EXCERPTED DATA START
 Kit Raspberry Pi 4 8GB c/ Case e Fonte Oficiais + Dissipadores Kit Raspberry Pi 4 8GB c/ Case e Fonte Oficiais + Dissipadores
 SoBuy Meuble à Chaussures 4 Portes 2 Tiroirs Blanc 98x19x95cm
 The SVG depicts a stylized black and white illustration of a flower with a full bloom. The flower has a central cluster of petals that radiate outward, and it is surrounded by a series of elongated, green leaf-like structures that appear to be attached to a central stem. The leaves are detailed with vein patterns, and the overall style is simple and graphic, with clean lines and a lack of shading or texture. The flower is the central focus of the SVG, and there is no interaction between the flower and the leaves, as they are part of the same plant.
EXCERPTED DATA END
EXCERPTED DATA START
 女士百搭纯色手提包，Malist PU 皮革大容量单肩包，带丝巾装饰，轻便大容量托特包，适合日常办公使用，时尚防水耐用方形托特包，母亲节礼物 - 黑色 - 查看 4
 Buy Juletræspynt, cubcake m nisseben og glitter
EXCERPTED DATA END
EXCERPTED DATA START
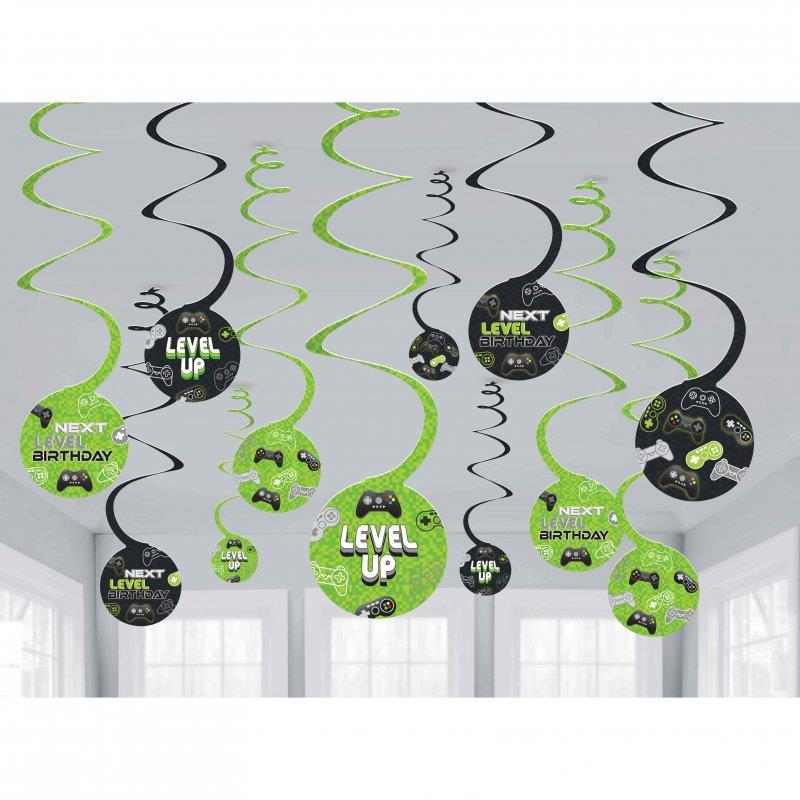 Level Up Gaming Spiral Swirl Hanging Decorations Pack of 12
EXCERPTED DATA END
Would you copy out exactly the lines above that start at the one containing "Dissipadores Kit Raspberry" and end at the one containing "SoBuy Meuble à", inclusive?

### SOLUTION TO THIS PROBLEM
 Kit Raspberry Pi 4 8GB c/ Case e Fonte Oficiais + Dissipadores Kit Raspberry Pi 4 8GB c/ Case e Fonte Oficiais + Dissipadores
 SoBuy Meuble à Chaussures 4 Portes 2 Tiroirs Blanc 98x19x95cm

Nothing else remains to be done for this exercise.